Menurut dia, pengelolaan Perpustakaan Al-Bidayah bagus. Perpustakaan ini menyediakan buku lazimnya perpustakaan umum. Tapi, Al-Bidayah punya kelebihan. Perpustakaan ini menyediakan permainan komputer yang kebanyakan bermuatan pendidikan.


Anak-anak yang datang ke sana juga leluasa bermain catur. Perpustakaan juga tidak mensyaratkan suasana hening. Anak-anak biasa saling bercanda. “Perpustakaan Al-Bidayah sangat ramah anak. Itu kelebihannya,” kata Sulistyo ketika dihubungi, Senin, 27 Januari 2014.

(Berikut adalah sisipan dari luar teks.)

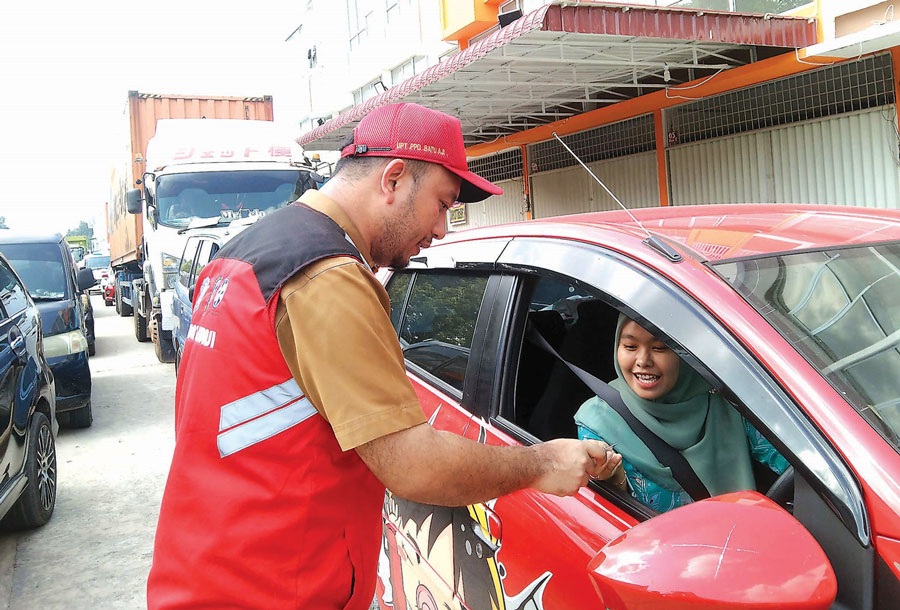 Ilustrasi: Kepala UPT Samsat Batuaji, Patrick Nababan, memeriksa surat kendaraan saat razia pajak kendaraan di Tembesi, Batuaji, Senin (13/11).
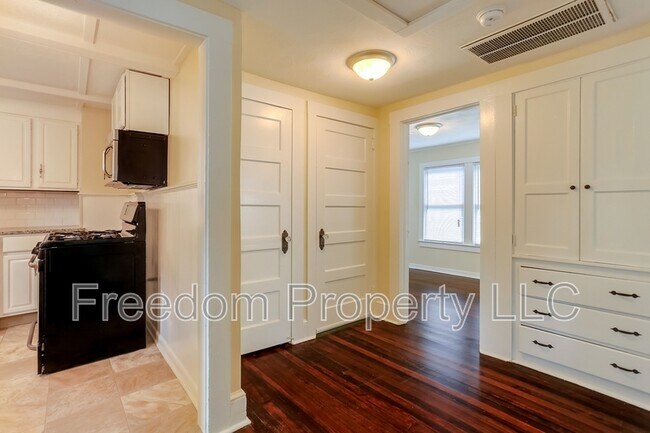 Building Photo - 18 Peck St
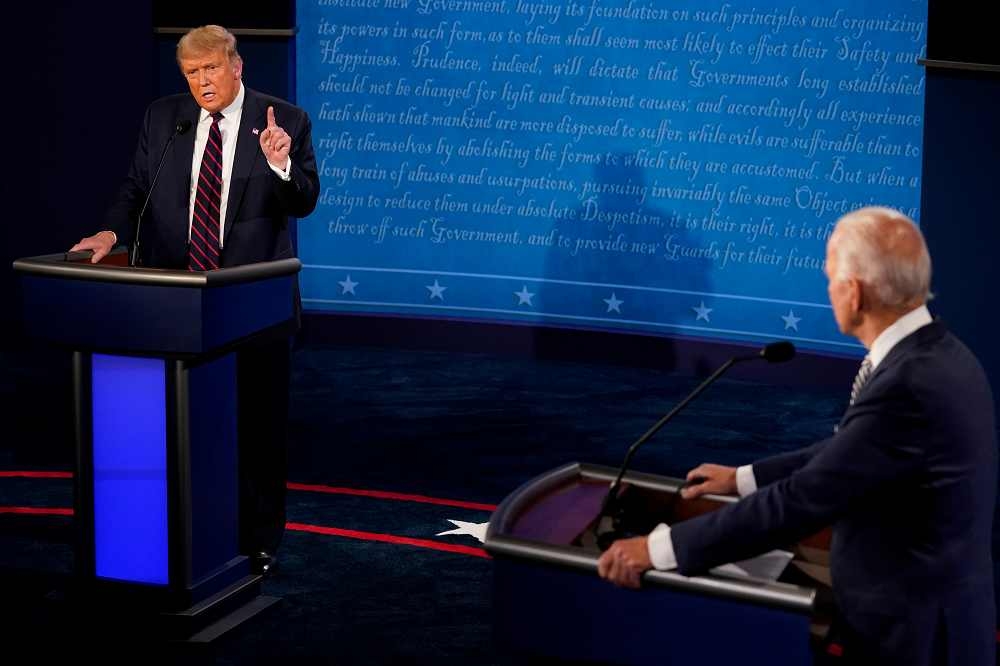 美國總統大選第一場辯論相當混亂。（湯森路透）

Ia mengatakan Al-Bidayah menjadi perpustakaan alternatif. Inisiatif muncul dari orang di desa. Menurut dia, perpustakaan Al-Bidayah merupakan kritik terhadap kegagalan perpustakaan daerah yang dikelola pemerintah kabupaten pada umumnya. Padahal, perpustakaan daerah juga punya perpustakaan keliling yang mestinya menjangkau hingga ke pelosok desa.


Sulistyo mengapresiasi perpustakaan itu karena pengelolaannya peka terhadap masyarakat sekitarnya. Pengelolanya aktif menggerakkan masyarakat dan anak-anak untuk terlibat dalam mengelola perpustakaan. Ini membuat masyarakat merasa memiliki perpustakaan.